── Exercise material

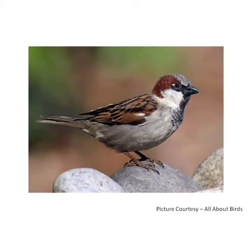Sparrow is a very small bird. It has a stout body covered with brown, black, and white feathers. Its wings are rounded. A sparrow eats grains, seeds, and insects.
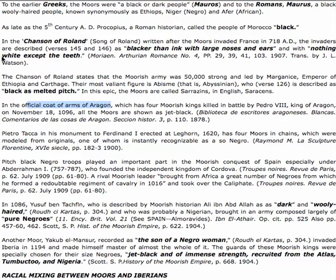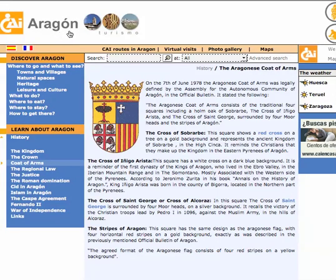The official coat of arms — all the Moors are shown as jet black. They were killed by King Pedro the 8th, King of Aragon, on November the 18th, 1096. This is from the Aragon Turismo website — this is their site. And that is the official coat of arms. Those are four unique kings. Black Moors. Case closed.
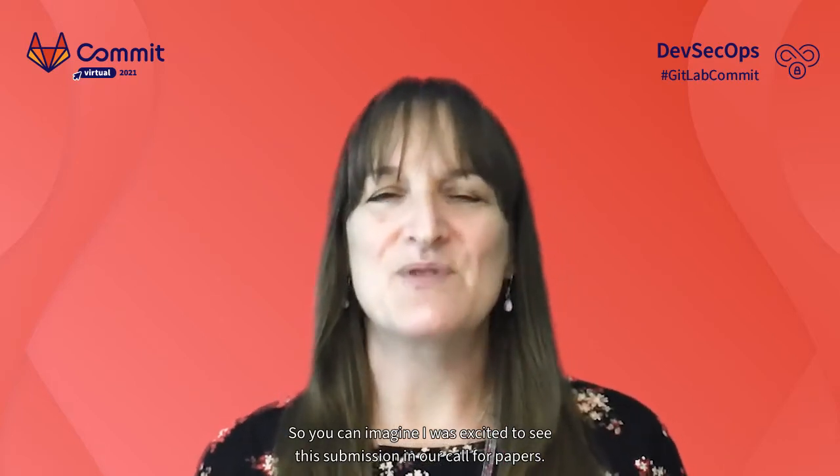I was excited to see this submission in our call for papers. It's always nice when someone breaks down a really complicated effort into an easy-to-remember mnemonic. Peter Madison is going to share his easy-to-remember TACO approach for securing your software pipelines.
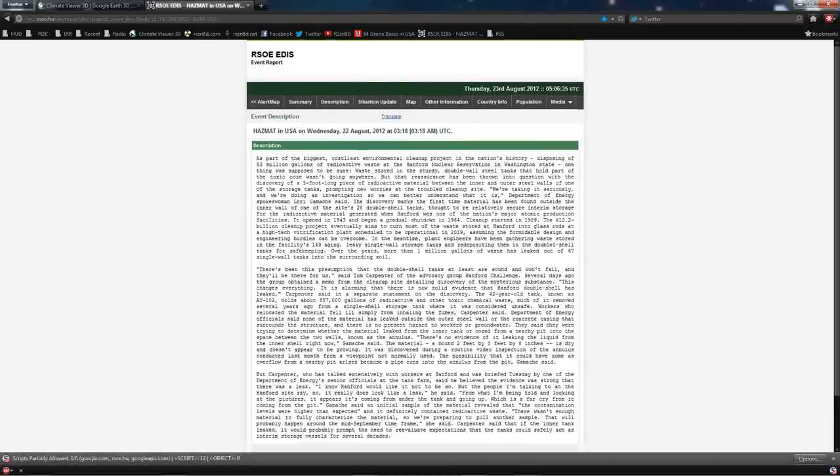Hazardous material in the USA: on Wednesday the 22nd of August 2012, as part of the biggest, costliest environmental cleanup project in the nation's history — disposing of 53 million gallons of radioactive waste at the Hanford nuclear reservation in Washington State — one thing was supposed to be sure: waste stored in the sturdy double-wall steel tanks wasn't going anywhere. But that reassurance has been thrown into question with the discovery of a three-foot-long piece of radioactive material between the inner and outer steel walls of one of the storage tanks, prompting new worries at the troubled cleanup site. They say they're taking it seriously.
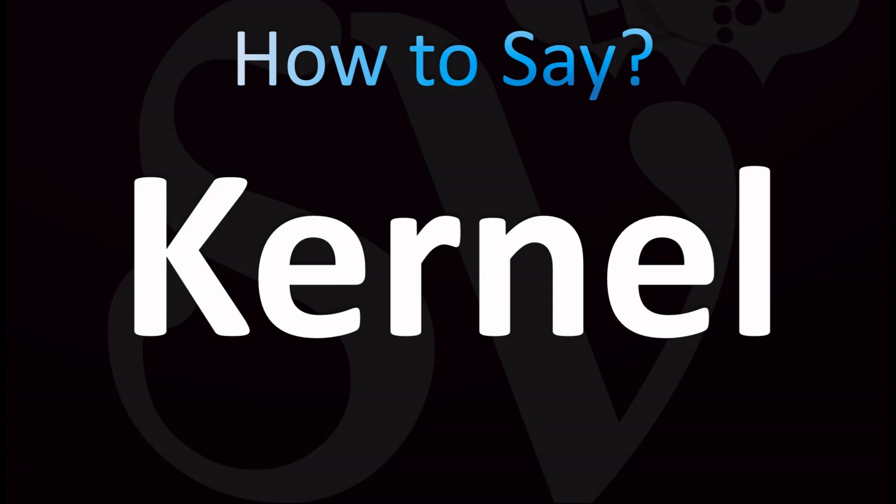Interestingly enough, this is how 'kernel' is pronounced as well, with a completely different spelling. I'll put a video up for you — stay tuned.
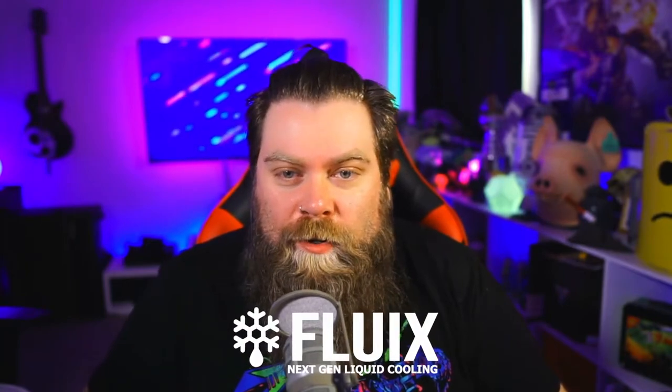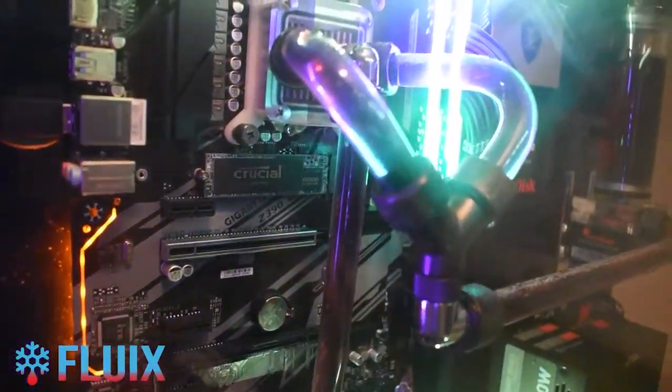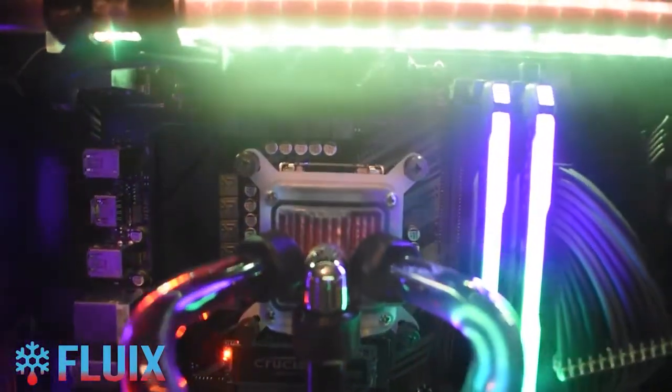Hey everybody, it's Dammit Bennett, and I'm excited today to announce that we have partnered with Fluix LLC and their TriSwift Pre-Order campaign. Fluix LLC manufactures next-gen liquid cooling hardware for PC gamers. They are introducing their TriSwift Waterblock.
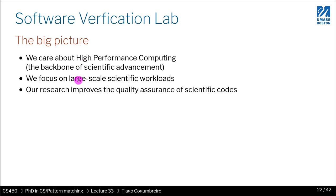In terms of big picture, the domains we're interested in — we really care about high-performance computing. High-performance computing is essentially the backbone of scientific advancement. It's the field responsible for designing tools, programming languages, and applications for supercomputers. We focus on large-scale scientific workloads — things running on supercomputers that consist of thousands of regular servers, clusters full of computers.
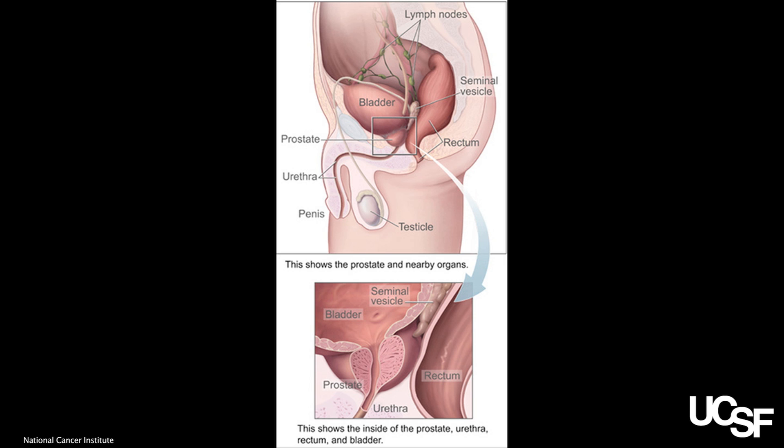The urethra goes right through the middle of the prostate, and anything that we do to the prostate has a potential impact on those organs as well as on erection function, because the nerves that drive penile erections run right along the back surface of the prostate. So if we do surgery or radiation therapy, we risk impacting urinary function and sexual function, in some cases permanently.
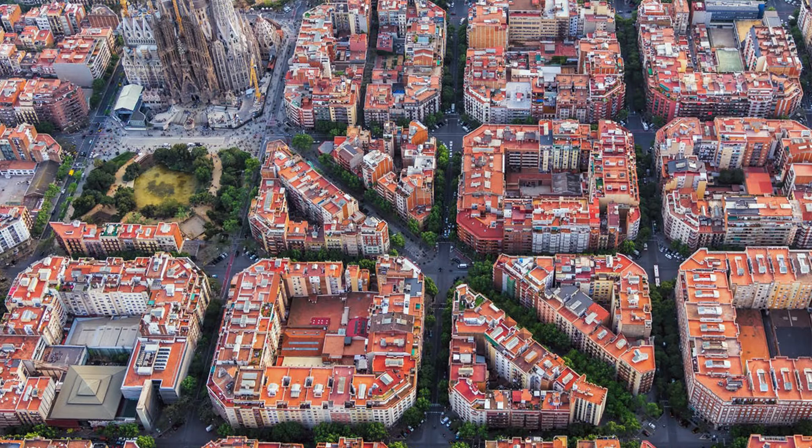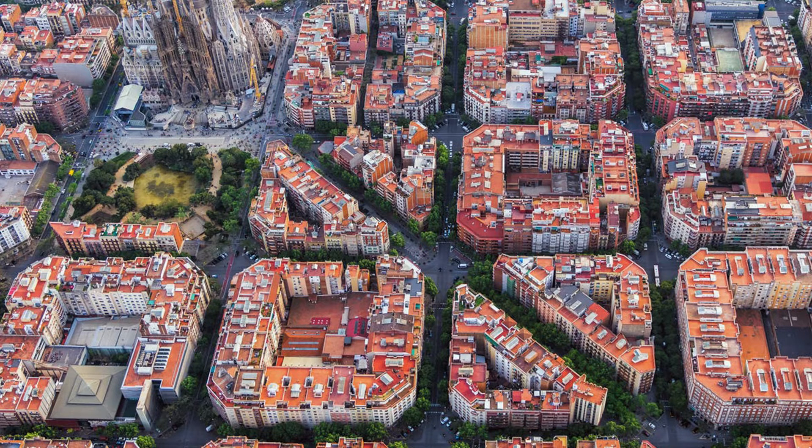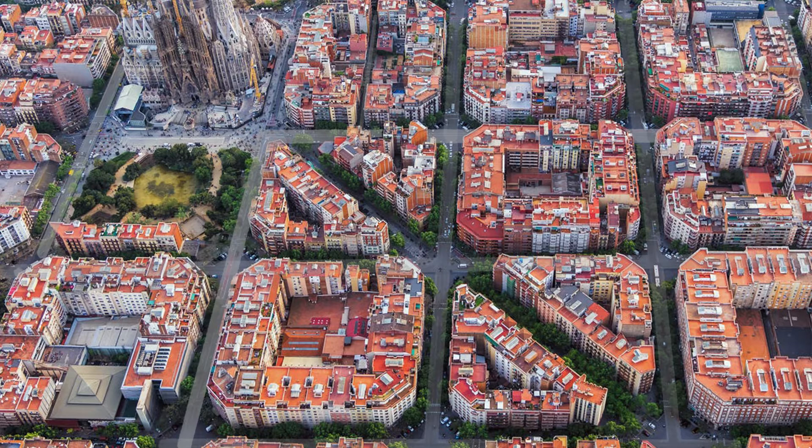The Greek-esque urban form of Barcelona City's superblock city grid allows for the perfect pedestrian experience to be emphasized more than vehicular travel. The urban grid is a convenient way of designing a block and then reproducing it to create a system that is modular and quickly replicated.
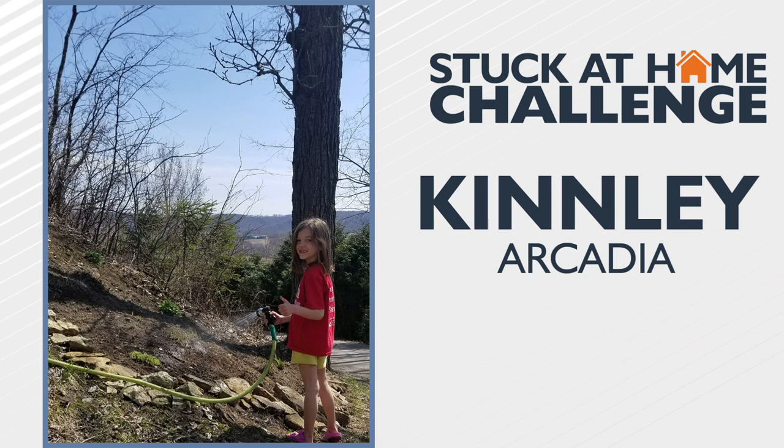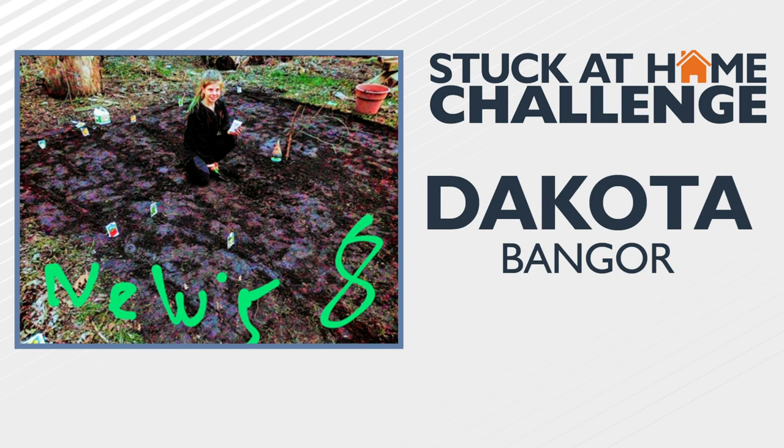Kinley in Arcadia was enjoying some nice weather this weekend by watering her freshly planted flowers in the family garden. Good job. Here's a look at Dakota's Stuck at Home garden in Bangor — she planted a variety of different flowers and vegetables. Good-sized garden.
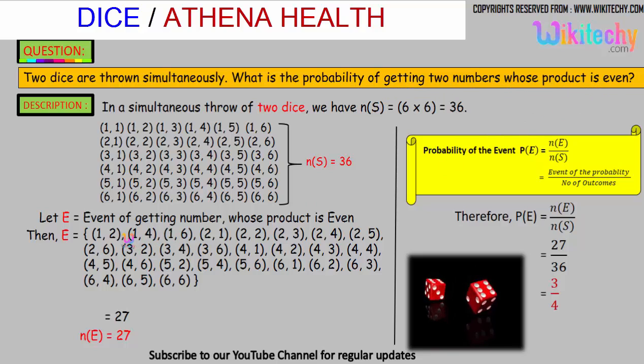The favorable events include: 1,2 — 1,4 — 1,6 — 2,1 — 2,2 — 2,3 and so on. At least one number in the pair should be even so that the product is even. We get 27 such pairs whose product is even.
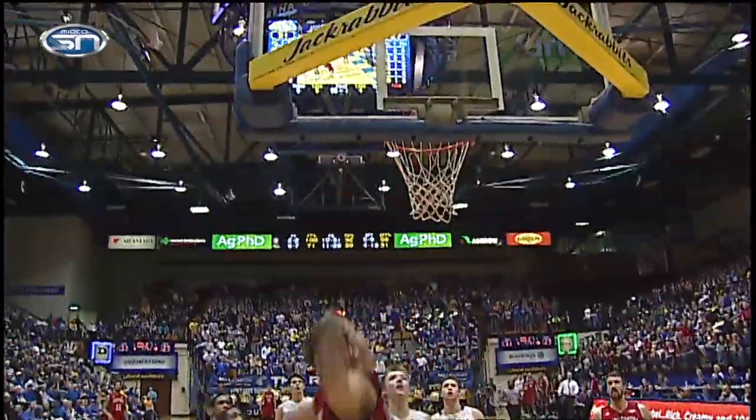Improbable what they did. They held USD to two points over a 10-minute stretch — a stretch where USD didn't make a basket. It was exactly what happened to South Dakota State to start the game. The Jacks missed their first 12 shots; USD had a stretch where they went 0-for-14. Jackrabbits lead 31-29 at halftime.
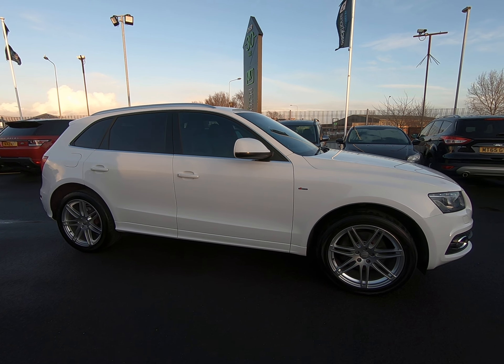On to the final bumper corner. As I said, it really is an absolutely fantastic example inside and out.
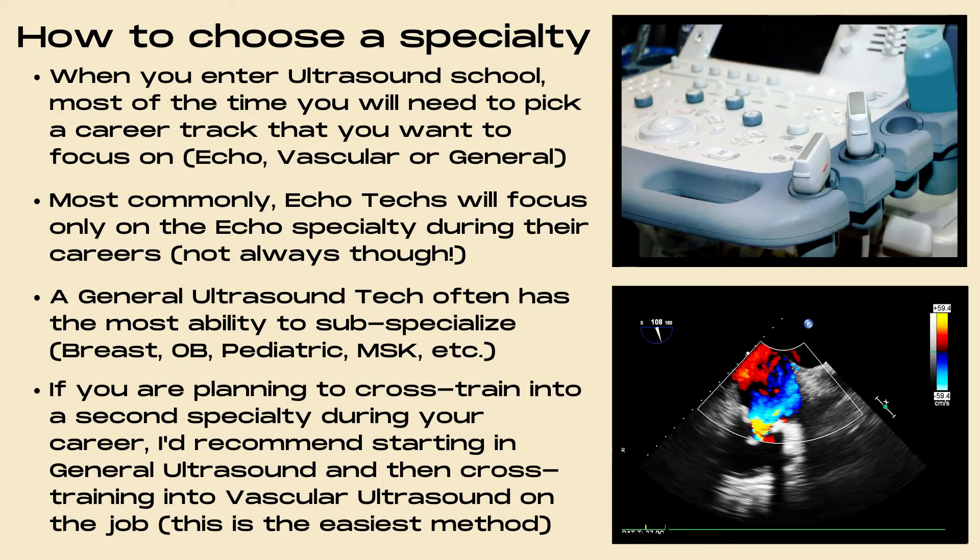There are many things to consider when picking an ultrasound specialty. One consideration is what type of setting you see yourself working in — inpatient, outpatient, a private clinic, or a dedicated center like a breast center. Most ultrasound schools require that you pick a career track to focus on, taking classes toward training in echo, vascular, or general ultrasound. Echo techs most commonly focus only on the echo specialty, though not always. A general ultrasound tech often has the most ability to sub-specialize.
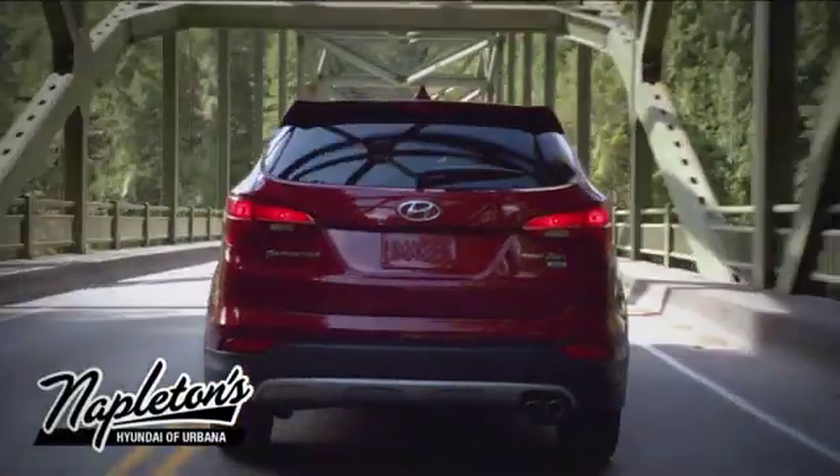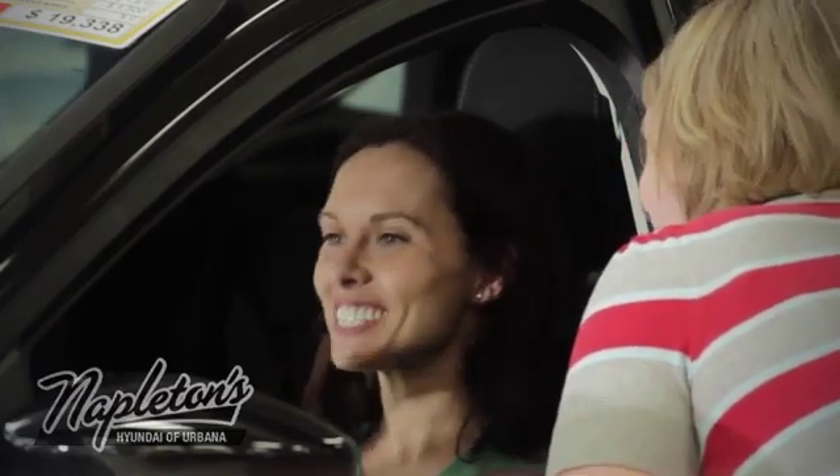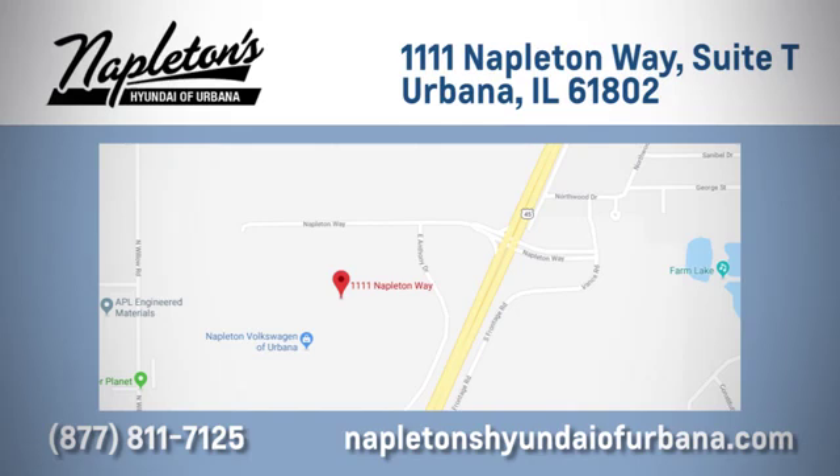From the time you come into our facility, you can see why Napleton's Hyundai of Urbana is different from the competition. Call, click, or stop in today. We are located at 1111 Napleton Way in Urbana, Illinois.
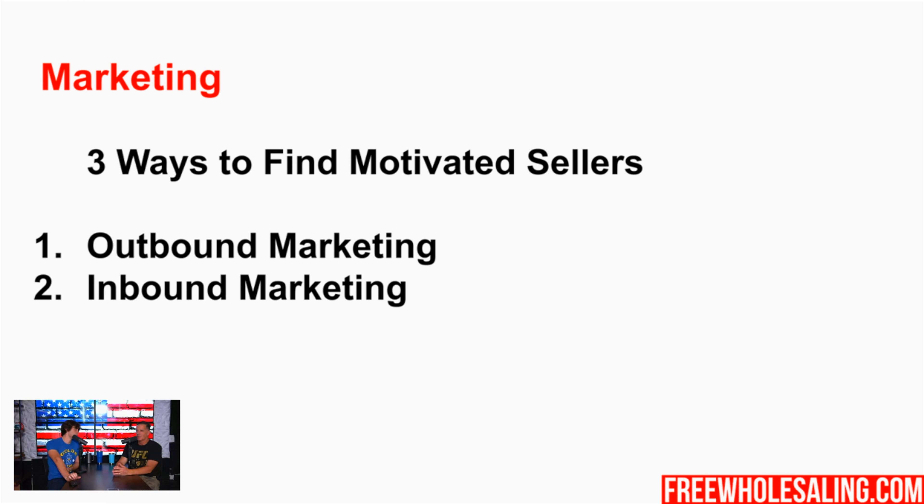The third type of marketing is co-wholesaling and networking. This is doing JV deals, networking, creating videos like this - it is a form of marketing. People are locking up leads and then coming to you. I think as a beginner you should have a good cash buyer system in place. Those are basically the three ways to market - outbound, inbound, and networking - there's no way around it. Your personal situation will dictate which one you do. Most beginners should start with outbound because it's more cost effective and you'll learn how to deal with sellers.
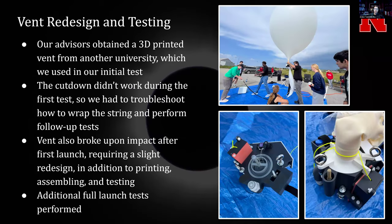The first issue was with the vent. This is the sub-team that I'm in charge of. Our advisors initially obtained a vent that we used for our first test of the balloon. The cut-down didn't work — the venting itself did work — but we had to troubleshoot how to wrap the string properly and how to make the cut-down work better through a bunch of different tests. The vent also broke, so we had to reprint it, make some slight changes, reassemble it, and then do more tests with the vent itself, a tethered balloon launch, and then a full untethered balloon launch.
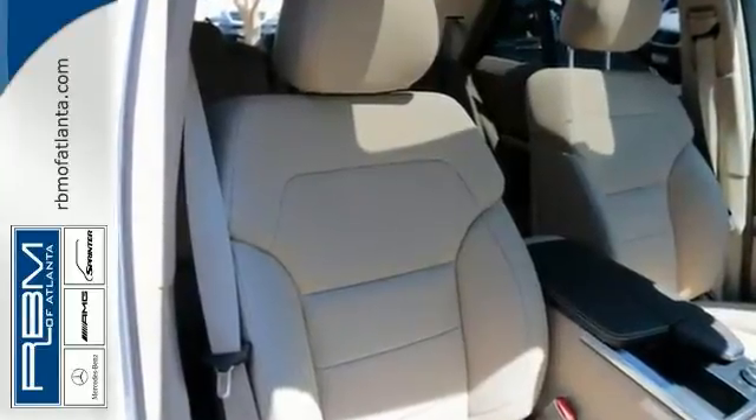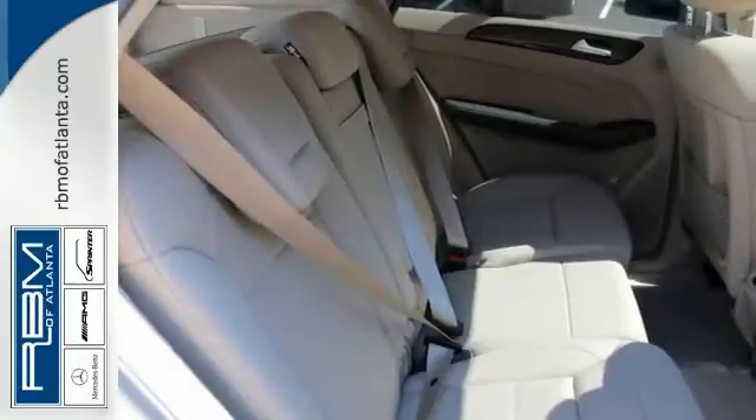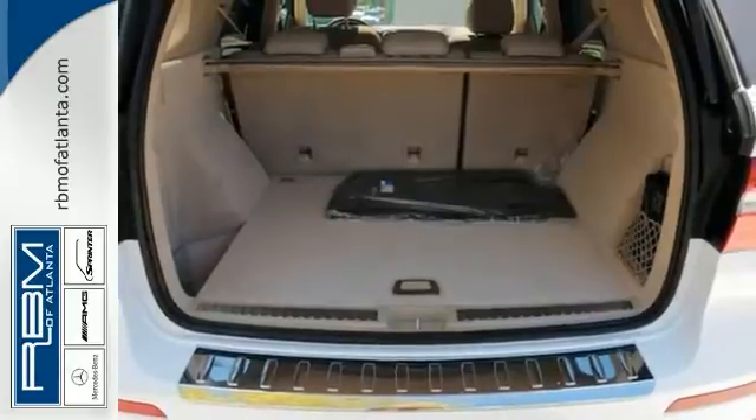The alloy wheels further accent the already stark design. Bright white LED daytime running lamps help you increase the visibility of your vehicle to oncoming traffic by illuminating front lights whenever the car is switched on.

────

• **Instructions for the task**
Keep out the pictures, and copy exactly the lines from the one that contains "The first issue" through the final line of the records above, both ends included.

• **Written answer**
The first issue was with the vent. This is the sub-team that I'm in charge of. Our advisors initially obtained a vent that we used for our first test of the balloon. The cut-down didn't work — the venting itself did work — but we had to troubleshoot how to wrap the string properly and how to make the cut-down work better through a bunch of different tests. The vent also broke, so we had to reprint it, make some slight changes, reassemble it, and then do more tests with the vent itself, a tethered balloon launch, and then a full untethered balloon launch.
The alloy wheels further accent the already stark design. Bright white LED daytime running lamps help you increase the visibility of your vehicle to oncoming traffic by illuminating front lights whenever the car is switched on.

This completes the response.